All buildpacks should use the dep-server for dependency updates

[sophiewigmore]

Summary

The dep-server contained in this repository serves dependencies and their associated metadata at https://api.deps.paketo.io/v1/dependency?name=< dependency-name > .

All versions of dependencies that we support within our implementation buildpacks via the older Dependency Builds pipeline have been ported over to the dep-server, so we can safely begin consuming the dependencies from there.

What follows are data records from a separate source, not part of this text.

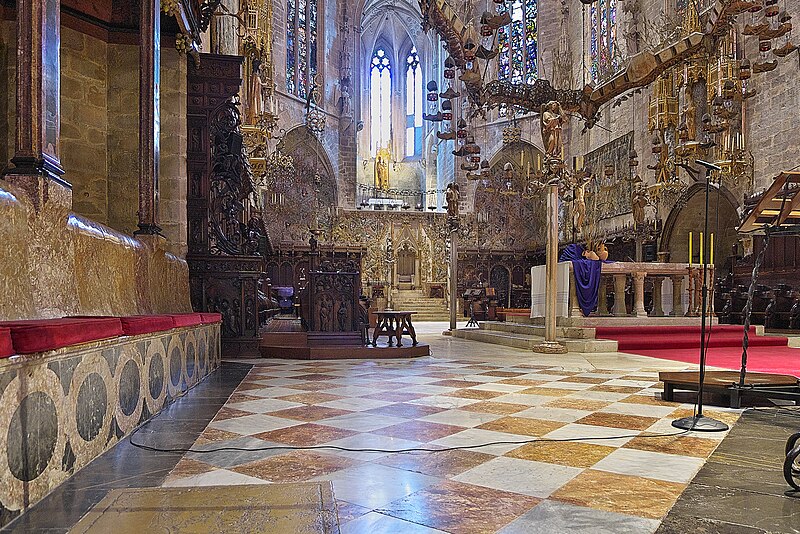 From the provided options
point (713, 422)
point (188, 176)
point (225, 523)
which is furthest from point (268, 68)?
point (225, 523)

In order to do this we need to do a few things:

1. Add [[metadata.dependency-constraints]] to the buildpack.toml of each relevant implementation buildpack, for each version line that we currently support. See A Proposal to Manage Dependency Updates packit#140 for details about how this works, and you can check out https://github.com/paketo-buildpacks/node-engine/blob/main/buildpack.toml#L110-L128 to see an example of what this looks like in practice.

The inclusion of this section in the buildpack.toml will allow the newly added update-dependencies workflow that is already present in each repository to start picking up new versions of the defined version lines.

2. Remove the CNBs from the list of buildpacks to receive updates from the old Concourse dependency-builds pipeline. Please follow this example commit of how to remove the CNB version lines only from the pipeline config. This should only include removing the lines that fall under the -cnb suffix. Removing anything else will tamper with dependencies in our V2Bs. Don't forget to re-fly the Concourse pipeline with the changes, and the associated update-<dependency>-<version>-cnb Concourse job will disappear from the pipeline.

To Do

For each of the following language families, please switch over the implementation buildpacks that contain dependencies to use the dep-server. It is the responsibility of each team's maintainers to open issues to do this in the relevant repos:

Issues Filed:

• .Net Core / @paketo-buildpacks/dotnet-core-maintainers
• Go / @paketo-buildpacks/go-maintainers
• NodeJS / @paketo-buildpacks/nodejs-maintainers (should be all set)
• PHP / @paketo-buildpacks/php-maintainers
• Python / @paketo-buildpacks/python-maintainers
• Ruby / @paketo-buildpacks/ruby-maintainers
• Rust (where do dependencies here come from right now?) / @paketo-buildpacks/rust-maintainers
• Web Servers / @paketo-buildpacks/web-servers-maintainers
• Utilities / @paketo-buildpacks/utilities-maintainers

Issues Implemented:

• .Net Core / @paketo-buildpacks/dotnet-core-maintainers
• Go / @paketo-buildpacks/go-maintainers
• NodeJS / @paketo-buildpacks/nodejs-maintainers (should be all set)
• PHP / @paketo-buildpacks/php-maintainers
• Python / @paketo-buildpacks/python-maintainers
• Ruby / @paketo-buildpacks/ruby-maintainers
• Rust (where do dependencies here come from right now?) / @paketo-buildpacks/rust-maintainers
• Web Servers / @paketo-buildpacks/web-servers-maintainers
• Utilities / @paketo-buildpacks/utilities-maintainers

This story can be closed out when the checklist items are all completed.

[fg-j]

Go language family issues have been filed!

[arjun024]

Can you check off Web Servers, Python, PHP, Nodejs? Relevant issues filed.

Edit: Added issue for tini. I don't think dep-server supports upx, watchexec etc. yet like miniconda

[fg-j]

Using the dep server for the Go dependency is blocked due to an issue with the non SemVer version metadata on the go dependency in the dep server. See paketo-buildpacks/go-dist#280 for more details.

[fg-j]

Consuming dep from the dep server is also currently blocked because it seems like the dep server doesn't support that dependency. See paketo-buildpacks/dep#212 for more.

[sophiewigmore]

It looks like Rust-Dist uses it's own workflow: https://github.com/paketo-community/rust-dist/runs/4088804161?check_suite_focus=true to update the dependencies. It still uses the dependency from the dep-server so it can be checked off.

[sophiewigmore]

It appears that all applicable buildpacks have been moved over, so this issue can get closed out!